Eleanor
had just got done watching the 1947 movie Nightmare Alley on
the day they brought in the new recruit. Natasha's office—for it
was Natasha who did the interviews—was right next to the break room
and so she overheard how their interview went. She ate her sushi
silently the whole time.
She
could see the kid inside. Young, blond, close-cropped—not a
bad-looking fellow. Still a little innocent spark in that eye of his.
He was smiling. But something about his face made it hard to
remember; she knew it would flicker and fade out of her mind soon
enough, until she had time to grind into the soft pulp of her brain.
(The sushi was pulpy in her teeth, having turned bad from the store's
atmosphere—the guy who made it made it well, and with heart, but
once it was out of his hands the air leeched in and that was the
end.) The words came to her with a strange clarity.
“So
what sort of experience do you have, kid?”
She
was sure they actually called him “kid.” Boomers these days—no
respect.
“I
used to work loading at Planter's before they went under. Then I
cashiered at Target for three month. I was hoping to continue
cashiering here.”
“Yes,
well—” Odd, swallowing pause. “We'll get you what we can.”
“Oh,
I'm not interested in bagging, or any of the departments. Just
cashiering. Just so you know.”
“Well,
we'll stick you where you fit, how 'bout that? Now, what makes you
think you got what it takes to work here at Sun Valley?”
“I
have a strong sense of customer service. I have always been good at
figuring out customer's problems, and—”
“Hm.
Interesting. Name a situation where you had to help a customer, and
what you did.”
“Well,
I, uh...”
“Yesss...?
I'm waiting.”
“One
time a customer couldn't find a type of mulch, but I knew where we
kept it—I found it and I brought it out to them.”
“Aaand...?”
“I
made sure to restock that kind of mulch as soon as I could, so other
customers could find it.”
“Aaaaand...?”
Silence.
Poor guy.

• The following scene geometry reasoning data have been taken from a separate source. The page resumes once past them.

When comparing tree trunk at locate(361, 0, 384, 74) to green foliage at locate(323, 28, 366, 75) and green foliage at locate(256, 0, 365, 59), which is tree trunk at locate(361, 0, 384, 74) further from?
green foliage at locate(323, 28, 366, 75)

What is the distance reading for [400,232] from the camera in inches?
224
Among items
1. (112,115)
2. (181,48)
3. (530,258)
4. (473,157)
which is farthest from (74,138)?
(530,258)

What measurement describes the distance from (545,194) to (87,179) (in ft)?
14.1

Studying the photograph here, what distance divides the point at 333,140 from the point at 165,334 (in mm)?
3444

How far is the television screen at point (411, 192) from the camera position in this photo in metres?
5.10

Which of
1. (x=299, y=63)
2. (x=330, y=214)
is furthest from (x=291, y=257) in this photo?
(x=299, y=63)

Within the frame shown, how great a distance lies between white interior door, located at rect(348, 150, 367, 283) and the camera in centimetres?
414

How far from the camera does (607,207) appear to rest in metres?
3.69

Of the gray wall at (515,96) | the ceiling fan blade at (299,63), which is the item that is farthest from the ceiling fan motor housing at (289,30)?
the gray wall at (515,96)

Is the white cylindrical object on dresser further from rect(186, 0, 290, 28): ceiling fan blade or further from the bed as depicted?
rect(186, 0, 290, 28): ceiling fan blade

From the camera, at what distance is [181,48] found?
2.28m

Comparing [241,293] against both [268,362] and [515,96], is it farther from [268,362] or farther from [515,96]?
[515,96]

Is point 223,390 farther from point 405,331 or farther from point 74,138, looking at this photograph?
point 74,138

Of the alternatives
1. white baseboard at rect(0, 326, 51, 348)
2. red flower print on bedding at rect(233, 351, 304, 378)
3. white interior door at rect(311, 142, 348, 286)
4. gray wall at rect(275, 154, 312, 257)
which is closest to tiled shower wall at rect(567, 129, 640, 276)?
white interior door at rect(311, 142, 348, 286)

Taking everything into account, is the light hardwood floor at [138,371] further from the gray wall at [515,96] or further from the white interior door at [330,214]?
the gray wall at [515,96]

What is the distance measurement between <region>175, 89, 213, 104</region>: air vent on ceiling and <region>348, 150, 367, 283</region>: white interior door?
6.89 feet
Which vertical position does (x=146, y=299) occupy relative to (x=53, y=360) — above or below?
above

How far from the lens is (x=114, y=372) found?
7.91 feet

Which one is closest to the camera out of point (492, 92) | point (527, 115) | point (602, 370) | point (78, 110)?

Eleanor already knew he didn't deserve this. Few did, on
this Earth.
“Uhh-huhh,”
Natasha said. “Well, look, we'll fit you in where we can get you.”
That phrase again. Eleanor shuddered.
“We're
looking for something specific,” Natasha said then.
“Listen,
ma'am—I'll take what I can get, as long as it isn't courtesy.”
A
long pause. “Okay. But remember, it's only temporary...”
“Okay!”
“...until
we get a real geek.”
No,
she hadn't heard that. It was the movie from this morning repeating
in her head. The movies she watched, the books she read, they came
back to haunt her. She remembered the trauma of her pre-shift
viewings and readings. And that was all there was to it.
But
then—they could have one here, couldn't they?
A
shirtless man, chained and bound in a pile of his own filth, forced
to perform under burning, sweaty spotlights for a shrieking audience.
Green-liver drunk, maybe even crazy with a little dope, brought with
lurching sick-motion to the climax—the biting of the chicken's
head.
No,
she must have heard it wrong, she mused on the way home. She'd see
him on the belts soon, and that'd prove she'd heard it wrong.